How to complete this task: In the listing below, find the line that contains "Advanced avionics systems present" and the line that contains "Hello guys, in". Quote both and every line between them, exactly, and nothing more.

Data shown:
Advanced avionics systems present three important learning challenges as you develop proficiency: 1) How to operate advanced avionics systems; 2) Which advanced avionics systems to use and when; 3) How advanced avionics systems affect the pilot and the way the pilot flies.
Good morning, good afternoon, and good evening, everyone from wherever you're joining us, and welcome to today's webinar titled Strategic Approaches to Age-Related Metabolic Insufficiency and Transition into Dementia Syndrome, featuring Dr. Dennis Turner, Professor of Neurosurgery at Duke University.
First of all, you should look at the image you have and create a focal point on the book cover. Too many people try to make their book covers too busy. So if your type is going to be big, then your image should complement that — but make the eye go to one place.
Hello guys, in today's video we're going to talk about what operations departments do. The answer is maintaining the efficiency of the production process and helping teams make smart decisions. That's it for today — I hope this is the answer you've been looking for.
==
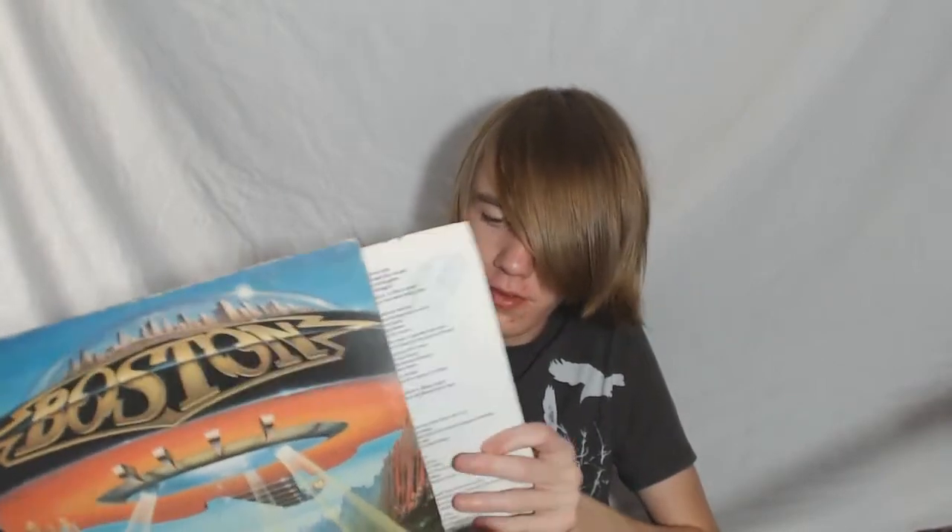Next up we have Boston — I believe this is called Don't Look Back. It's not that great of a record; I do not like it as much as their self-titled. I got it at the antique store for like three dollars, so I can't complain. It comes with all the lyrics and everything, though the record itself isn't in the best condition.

Output for this task:
Advanced avionics systems present three important learning challenges as you develop proficiency: 1) How to operate advanced avionics systems; 2) Which advanced avionics systems to use and when; 3) How advanced avionics systems affect the pilot and the way the pilot flies.
Good morning, good afternoon, and good evening, everyone from wherever you're joining us, and welcome to today's webinar titled Strategic Approaches to Age-Related Metabolic Insufficiency and Transition into Dementia Syndrome, featuring Dr. Dennis Turner, Professor of Neurosurgery at Duke University.
First of all, you should look at the image you have and create a focal point on the book cover. Too many people try to make their book covers too busy. So if your type is going to be big, then your image should complement that — but make the eye go to one place.
Hello guys, in today's video we're going to talk about what operations departments do. The answer is maintaining the efficiency of the production process and helping teams make smart decisions. That's it for today — I hope this is the answer you've been looking for.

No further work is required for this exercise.